How We Calculate
Understand the methodology behind CanIRunAI recommendations
Overview
CanIRunAI analyzes your hardware (GPU, CPU and RAM) and calculates compatibility with each local AI model. All scores are based on real measurements with RTX 3060 as baseline.
Tier System
Each model receives a tier based on estimated speed (tokens per second) on your hardware.
Near-instant responses. Fluid experience for any use case.
Good speed. Comfortable for chat, coding and general use.
Functional but noticeably slower. OK for non-interactive tasks.
Usable with patience. Long responses may take minutes.
Doesn't fit in memory or too slow for practical use.
VRAM Estimation
The model needs to fit in GPU memory (VRAM). We use Q4_K_M quantization as default — the best balance between quality and size.
Quantization
Reduces model weight precision to decrease size and speed up inference.
How the model fits
Model uses up to 85% of VRAM. Full performance, no penalties.
Model fits in VRAM but no headroom. 30% penalty from memory pressure.
Part on GPU, rest on RAM. 40-80% penalty depending on ratio.
No dedicated GPU. Uses 60% of RAM. 88-94% penalty vs GPU.
Insufficient memory.
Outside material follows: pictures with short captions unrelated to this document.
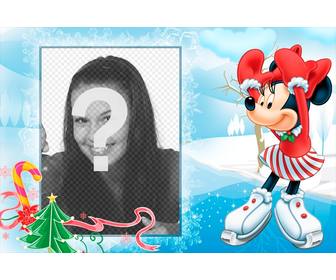 cartolina di natale il suo bambino di foto e minnie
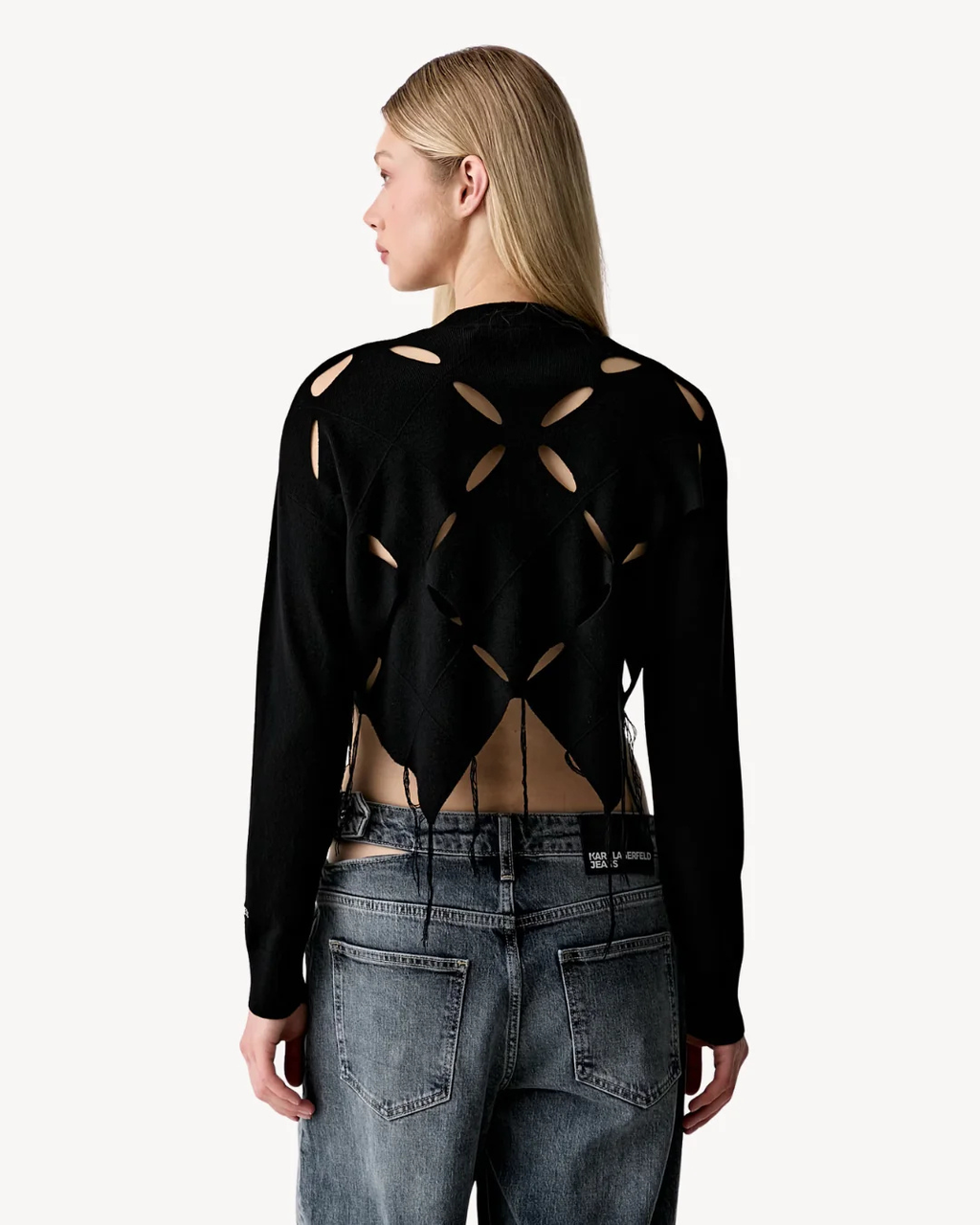 Karl Lagerfeld Jeans - Klj Knitted Argyle Top - Nero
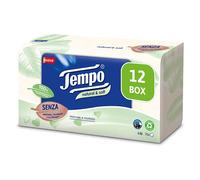 Tempo Tempo Tissue Packs of Natural & Soft Paper, 4 Ply, Machine Resistant, Natural Soft Tissues - Fragrance, Dyes and Allergens Free, 12 Packs of 70 Disposable Tissues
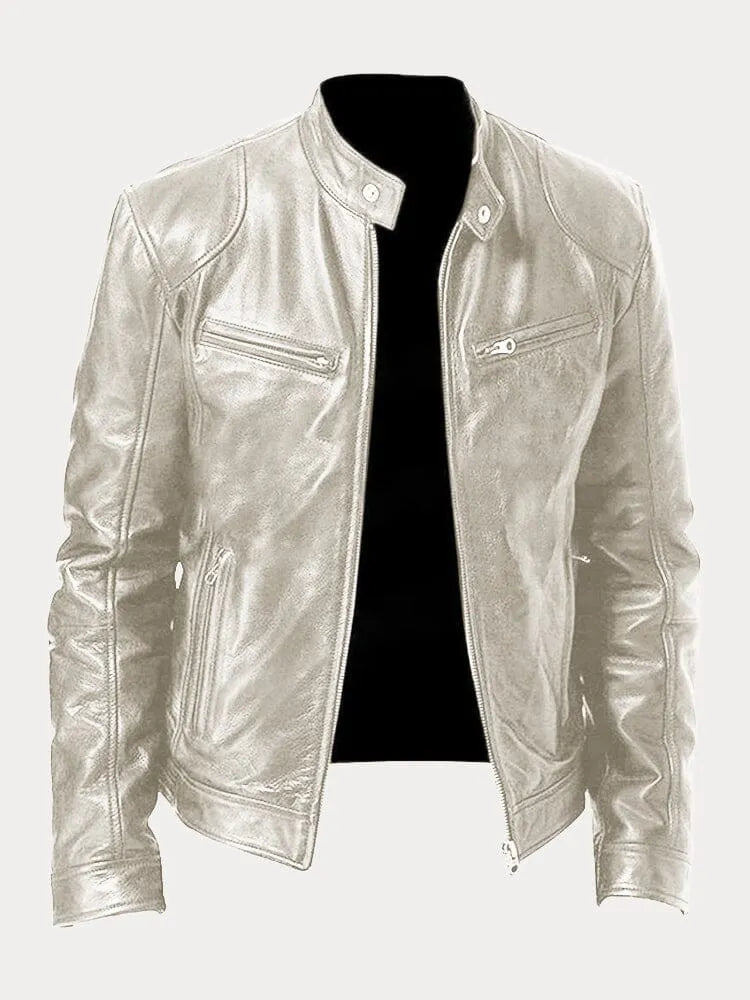 Men’s Biker-Style Jacket – Stand Collar with Press Studs and Four Zip Pockets
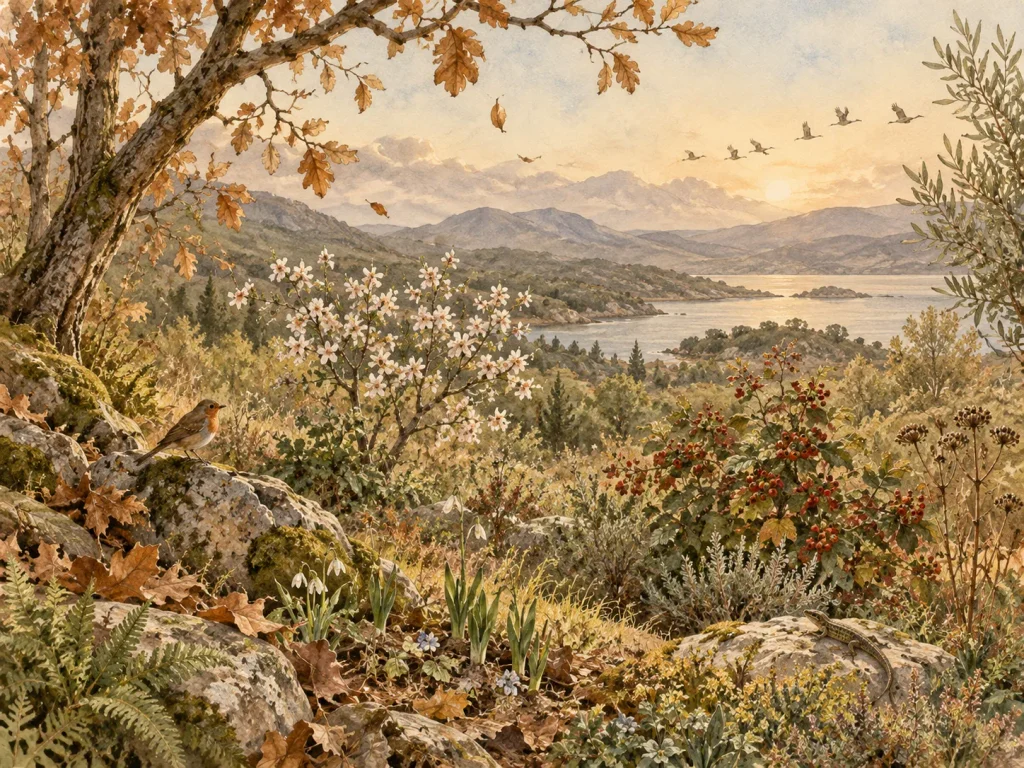 ritmos diferentes de la naturaleza: un castaño no florece al mismo tiempo de un almendro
Model cannot be loaded.
Bandwidth Scaling
Speed scales linearly with GPU bandwidth. The RTX 3060 (360 GB/s) is the baseline.
RAM Factor
System RAM amount influences performance. 16GB is the baseline (factor 1.0).
Range: 0.65× (4GB) to 1.18× (32GB+)
CPU Factor
CPU affects ~40% of performance in GPU mode (tokenization, KV cache, data transfer). In CPU-only mode, it's 100% of the impact.
Final Score (0-100)
The overall score is a weighted average of how many models run at each tier.